- [Your objective] Word for word, transcribe the lines from the one containing "Voir la diapositive" through the end of the entries, both included, and nothing else.

+ + +

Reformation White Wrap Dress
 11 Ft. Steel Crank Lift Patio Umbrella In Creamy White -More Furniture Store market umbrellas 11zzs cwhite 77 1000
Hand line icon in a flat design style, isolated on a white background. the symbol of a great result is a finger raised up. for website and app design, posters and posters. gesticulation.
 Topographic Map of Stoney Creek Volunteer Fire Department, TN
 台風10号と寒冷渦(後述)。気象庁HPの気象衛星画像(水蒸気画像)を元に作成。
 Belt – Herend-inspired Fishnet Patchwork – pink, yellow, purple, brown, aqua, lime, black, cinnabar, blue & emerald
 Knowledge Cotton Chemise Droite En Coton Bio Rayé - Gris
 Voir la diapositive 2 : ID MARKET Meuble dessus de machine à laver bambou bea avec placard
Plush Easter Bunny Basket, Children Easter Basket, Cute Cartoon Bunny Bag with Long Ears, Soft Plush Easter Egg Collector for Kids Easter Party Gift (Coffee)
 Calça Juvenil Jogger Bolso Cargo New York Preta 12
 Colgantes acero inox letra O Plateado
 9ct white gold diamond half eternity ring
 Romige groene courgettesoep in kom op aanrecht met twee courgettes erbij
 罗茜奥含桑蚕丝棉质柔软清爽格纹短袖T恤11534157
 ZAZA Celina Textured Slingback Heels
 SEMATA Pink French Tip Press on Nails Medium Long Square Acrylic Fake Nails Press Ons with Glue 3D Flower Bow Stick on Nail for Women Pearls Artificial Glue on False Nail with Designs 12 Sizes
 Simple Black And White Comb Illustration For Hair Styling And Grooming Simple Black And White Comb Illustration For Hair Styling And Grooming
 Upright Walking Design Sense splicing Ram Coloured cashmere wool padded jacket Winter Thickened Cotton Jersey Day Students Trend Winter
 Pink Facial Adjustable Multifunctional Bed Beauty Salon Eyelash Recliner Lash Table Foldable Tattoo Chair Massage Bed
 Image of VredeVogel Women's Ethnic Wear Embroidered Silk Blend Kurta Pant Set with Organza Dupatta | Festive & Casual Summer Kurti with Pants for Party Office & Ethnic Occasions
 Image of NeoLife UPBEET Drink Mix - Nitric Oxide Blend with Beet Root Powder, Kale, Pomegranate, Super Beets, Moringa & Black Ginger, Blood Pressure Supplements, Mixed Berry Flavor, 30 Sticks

+ + +

- [Reply]
 Voir la diapositive 2 : ID MARKET Meuble dessus de machine à laver bambou bea avec placard
Plush Easter Bunny Basket, Children Easter Basket, Cute Cartoon Bunny Bag with Long Ears, Soft Plush Easter Egg Collector for Kids Easter Party Gift (Coffee)
 Calça Juvenil Jogger Bolso Cargo New York Preta 12
 Colgantes acero inox letra O Plateado
 9ct white gold diamond half eternity ring
 Romige groene courgettesoep in kom op aanrecht met twee courgettes erbij
 罗茜奥含桑蚕丝棉质柔软清爽格纹短袖T恤11534157
 ZAZA Celina Textured Slingback Heels
 SEMATA Pink French Tip Press on Nails Medium Long Square Acrylic Fake Nails Press Ons with Glue 3D Flower Bow Stick on Nail for Women Pearls Artificial Glue on False Nail with Designs 12 Sizes
 Simple Black And White Comb Illustration For Hair Styling And Grooming Simple Black And White Comb Illustration For Hair Styling And Grooming
 Upright Walking Design Sense splicing Ram Coloured cashmere wool padded jacket Winter Thickened Cotton Jersey Day Students Trend Winter
 Pink Facial Adjustable Multifunctional Bed Beauty Salon Eyelash Recliner Lash Table Foldable Tattoo Chair Massage Bed
 Image of VredeVogel Women's Ethnic Wear Embroidered Silk Blend Kurta Pant Set with Organza Dupatta | Festive & Casual Summer Kurti with Pants for Party Office & Ethnic Occasions
 Image of NeoLife UPBEET Drink Mix - Nitric Oxide Blend with Beet Root Powder, Kale, Pomegranate, Super Beets, Moringa & Black Ginger, Blood Pressure Supplements, Mixed Berry Flavor, 30 Sticks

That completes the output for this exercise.